Caption-style text data:

*** Block opens ***

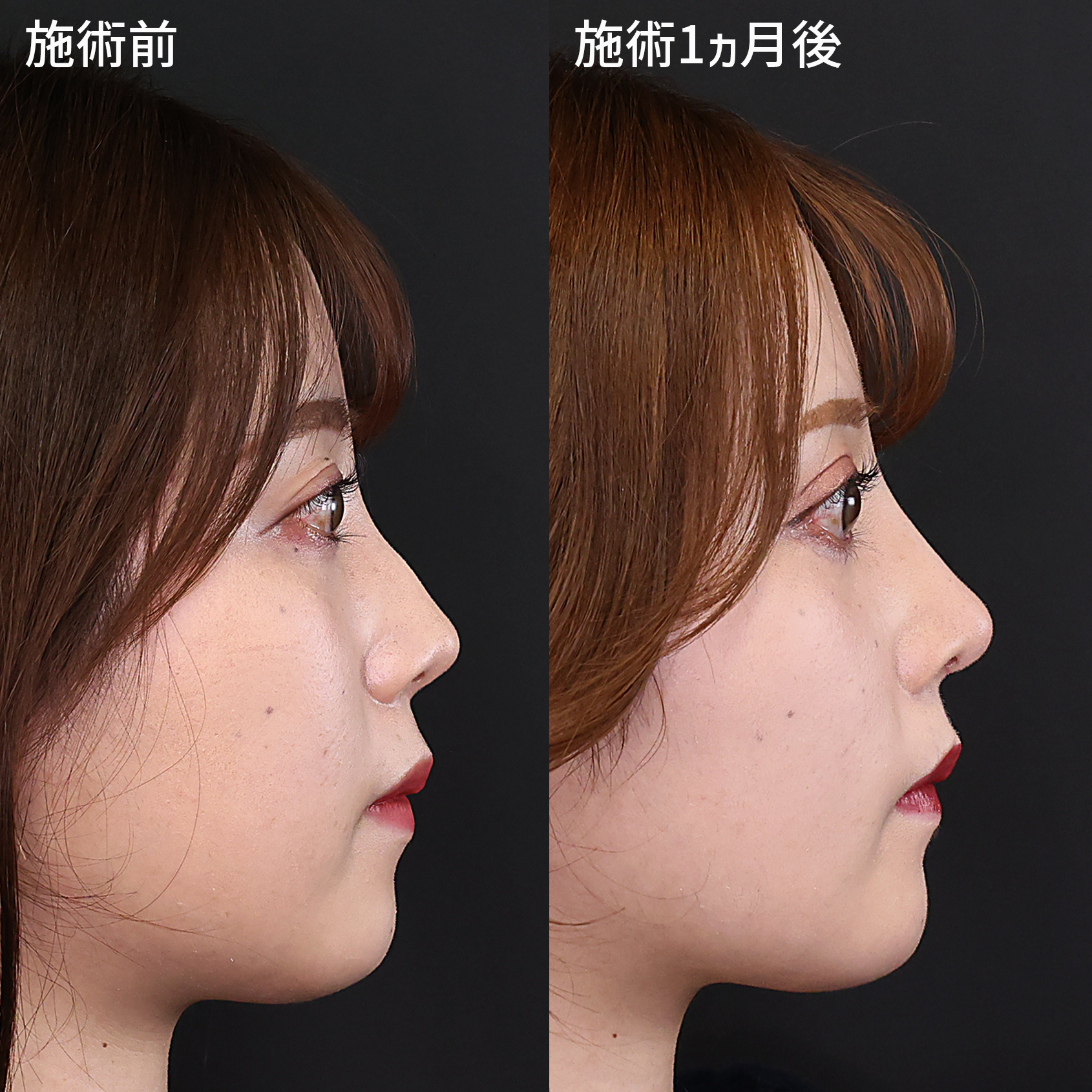 鼻中隔延長術/鼻尖形成・鼻尖縮小/隆鼻術（プロテーゼ・自家組織）の症例写真 施術前後 １ヵ月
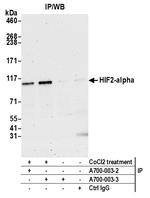 HIF2-alpha Antibody in Immunoprecipitation (IP)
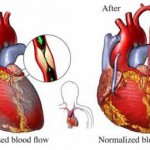 Heart Surgery Risk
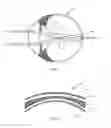 Fig. 02 - Ophthalmic lens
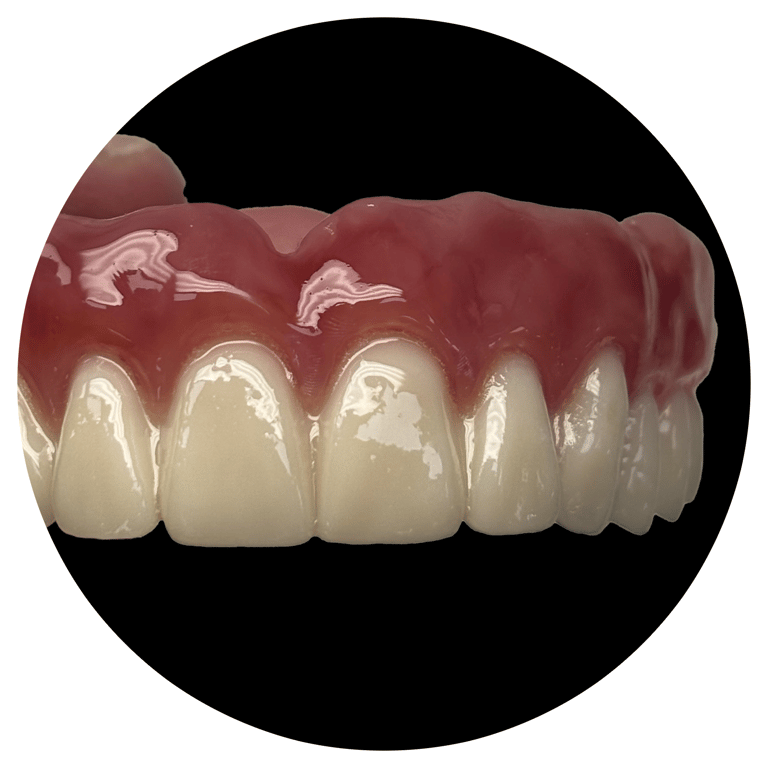 Dentures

*** Block closes ***

▶ **Exercise**
Retype each line above precisely, please. Skip anything that is a picture.

▶ **Response**
 鼻中隔延長術/鼻尖形成・鼻尖縮小/隆鼻術（プロテーゼ・自家組織）の症例写真 施術前後 １ヵ月
 HIF2-alpha Antibody in Immunoprecipitation (IP)
 Heart Surgery Risk
 Fig. 02 - Ophthalmic lens
 Dentures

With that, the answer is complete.